While the cops interrogated my son about where he had procured the grass, and scoured his WhatsApp group, asking about every name (“Does he smoke?”) and why he was communicating with his brother in English (“Is that a code for something?”), I was ensconced with another investigator – a woman half my age – who asked the same questions I heard the last time I sat there. But this time there was an extra bonus: a little bit of Jewish guilt thrown in.
“Don’t you feel bad that your son is using drugs because of your example?” she asked, while typing the answers on her desktop computer.
“I don’t think he smokes pot because I do,” I answered. “I think he uses it because everywhere you look – any Seth Rogen movie, any video clip, any reference – pot smoking looks like a blast."
“And to be honest with you, I much prefer that he’s getting stoned with his friends than going out drinking.”
A little taken aback, she typed in the info and asked a few more questions. When she got to “Are there any more drugs in your house?” I had had enough of being treated like a hard-core offender.
“No, you guys keep taking it!” I answered, which elicited a chuckle and then an admonishment by my interrogator. “You know this is serious, don’t you? It’s against the law.”
I nodded, although I don’t really know that possession of a small amount of marijuana in your own home is actually illegal, while being brought in for questioning without legal representation and going through a suspect’s phone and WhatsApp groups is legal. But I kept that to myself.

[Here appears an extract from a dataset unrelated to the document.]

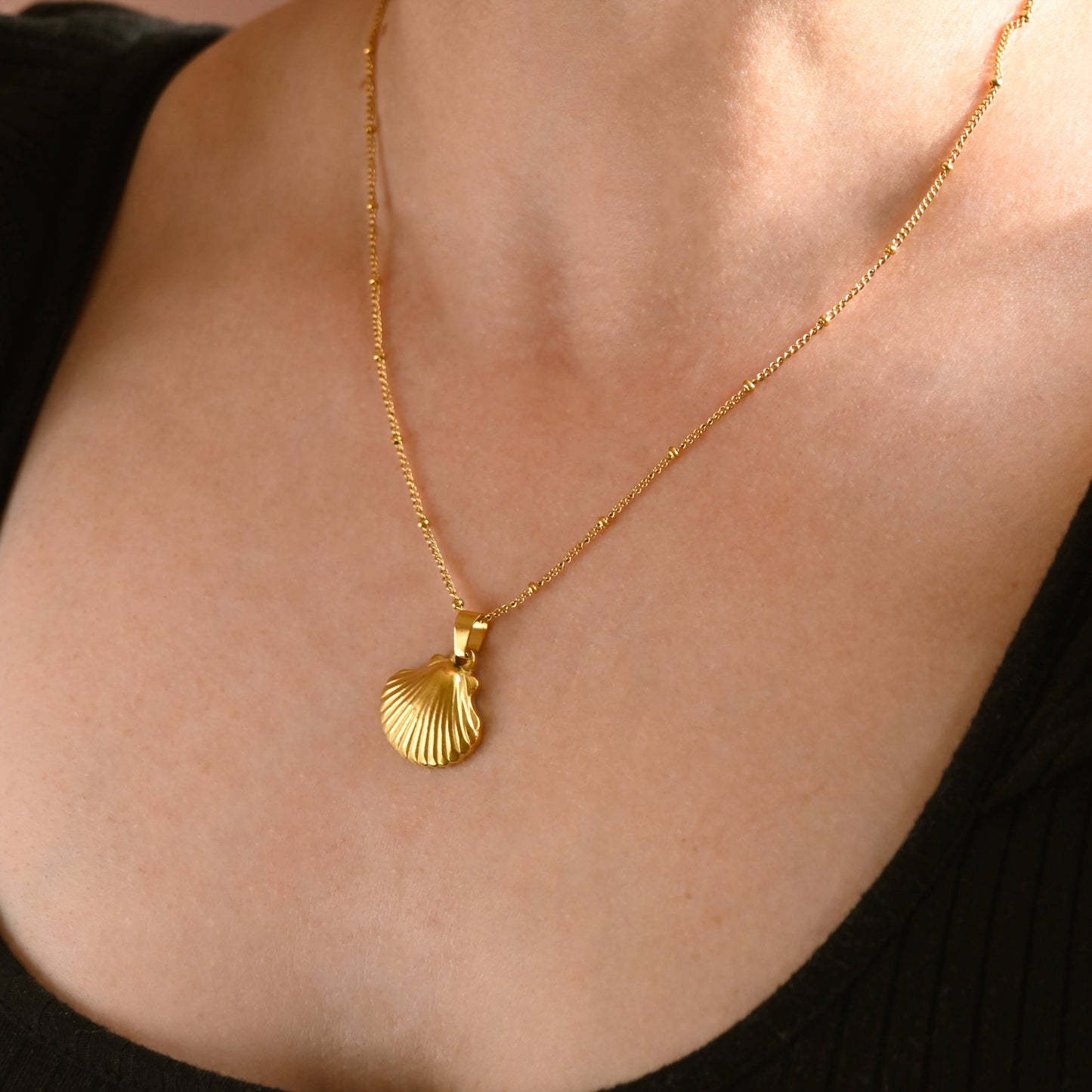 Diana Gold Seashell Necklace - Gold Seashell Pendant Necklace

When the questioning had run its course and she was convinced that I was an unrepentant criminal, the detective said that there wouldn’t be any charges, but I would have to be fingerprinted and have my mug shot taken, as policy for anyone brought in for questioning.
I gave the camera my most Sopranos sullen look, and secretly wished the photos were leaked on social media so I could have a chance at TMZ notoriety. I didn’t look half as bad as Nick Nolte did in his mug shot, but it wasn’t the portrait you’d want on your passport.
I didn’t get a chance to catch up with my son – who had already left to get to his mathematics pre-bagrut test on time (the police can be accommodating) – until that evening.
We had the serious “everything in moderation,” “don’t let it interfere with your schoolwork” and “don’t ever drive while you’re high” talk, and then conspiratorially shared stories about our incarceration and interrogators.
The police are doing their job, trying to keep high school kids clean and looking for those sellers on Telegrass or other online forums. I can’t fault them for that.
But I’m getting tired of them confiscating my stash. It’s enough to drive someone to drink.